We maintain a cautious outlook on the Aussie dollar for a few reasons. There is a lack of growth in consumer sector, increasing unemployment and rate cuts on the horizon. AUD/JPY is holding at 97.42.
Last week the Australian Dollar suffered one of its biggest falls since 2013, the date of the last interest rate cut. The plunge in commodity prices is hurting the economy and pressure is growing on the Central Bank (RBA) to cut interest rates again. This comes on the back of a slew of data that indicates the economy is faltering more than expected.
Unemployment figures released last week showed that the jobless rate has reached 6.3%, a 12 year high. National Bank Australia (NAB), along with others have downgraded growth forecasts, and are predicting two rate cuts next year. This would take the cash rate to 2 per cent.

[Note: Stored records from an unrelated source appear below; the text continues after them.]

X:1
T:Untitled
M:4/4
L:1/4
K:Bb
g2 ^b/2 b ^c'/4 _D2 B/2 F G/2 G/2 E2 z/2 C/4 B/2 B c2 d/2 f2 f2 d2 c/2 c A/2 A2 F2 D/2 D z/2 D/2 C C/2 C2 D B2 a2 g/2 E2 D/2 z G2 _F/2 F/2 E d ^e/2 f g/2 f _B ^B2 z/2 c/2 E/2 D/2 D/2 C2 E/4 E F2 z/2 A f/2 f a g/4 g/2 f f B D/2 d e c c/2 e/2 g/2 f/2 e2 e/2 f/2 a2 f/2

We see some short-term upside on the hourly and four-hourly time charts for day traders, but remain cautious about holding positions for longer timeframes.
AUD/JPY has dropped 2.5 per cent in December. Australia is at the start of a phase rate reductions. For this reason, we see carry trading funds moving to alternatives such as the New Zealand Dollar. While AUD/JPY has fallen, NZD/JPY has climbed 10.4 per cent since October. The Kiwi Dollar offers a 100-basis point rate advantage, and now yields 3.5 per cent.